* **Directions**: Only a number is wanted here: the count of lines in the data below where the string "large" occurs.
----
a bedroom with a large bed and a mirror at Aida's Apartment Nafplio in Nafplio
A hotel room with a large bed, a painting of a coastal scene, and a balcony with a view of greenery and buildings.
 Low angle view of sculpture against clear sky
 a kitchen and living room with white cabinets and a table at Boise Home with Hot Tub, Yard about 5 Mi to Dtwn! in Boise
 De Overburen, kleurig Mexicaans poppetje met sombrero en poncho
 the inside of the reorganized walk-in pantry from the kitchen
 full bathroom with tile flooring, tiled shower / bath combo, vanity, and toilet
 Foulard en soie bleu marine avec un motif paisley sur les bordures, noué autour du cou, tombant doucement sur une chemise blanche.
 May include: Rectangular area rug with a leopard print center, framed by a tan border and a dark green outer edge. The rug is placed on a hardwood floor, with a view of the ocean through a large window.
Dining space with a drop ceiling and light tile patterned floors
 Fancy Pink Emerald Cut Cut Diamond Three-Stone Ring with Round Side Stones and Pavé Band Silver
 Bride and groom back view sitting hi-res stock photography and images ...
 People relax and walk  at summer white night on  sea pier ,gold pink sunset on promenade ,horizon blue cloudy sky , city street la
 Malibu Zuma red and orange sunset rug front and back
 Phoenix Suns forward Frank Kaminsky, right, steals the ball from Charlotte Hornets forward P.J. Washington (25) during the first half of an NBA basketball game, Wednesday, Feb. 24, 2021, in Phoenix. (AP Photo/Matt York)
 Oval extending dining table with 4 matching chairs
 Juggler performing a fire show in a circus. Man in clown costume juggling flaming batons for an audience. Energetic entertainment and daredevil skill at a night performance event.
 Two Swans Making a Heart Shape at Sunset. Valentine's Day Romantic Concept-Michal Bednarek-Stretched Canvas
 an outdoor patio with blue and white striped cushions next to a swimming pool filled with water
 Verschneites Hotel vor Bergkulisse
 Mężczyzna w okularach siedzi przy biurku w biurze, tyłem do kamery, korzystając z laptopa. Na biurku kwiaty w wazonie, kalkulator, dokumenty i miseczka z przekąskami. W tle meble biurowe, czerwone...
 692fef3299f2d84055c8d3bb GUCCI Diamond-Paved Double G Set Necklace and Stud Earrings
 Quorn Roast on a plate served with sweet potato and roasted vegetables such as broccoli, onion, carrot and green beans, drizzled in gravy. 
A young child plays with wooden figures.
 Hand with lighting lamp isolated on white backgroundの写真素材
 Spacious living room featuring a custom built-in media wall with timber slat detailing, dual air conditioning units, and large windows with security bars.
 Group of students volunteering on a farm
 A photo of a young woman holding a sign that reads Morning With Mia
----
* **Expected answer**: 4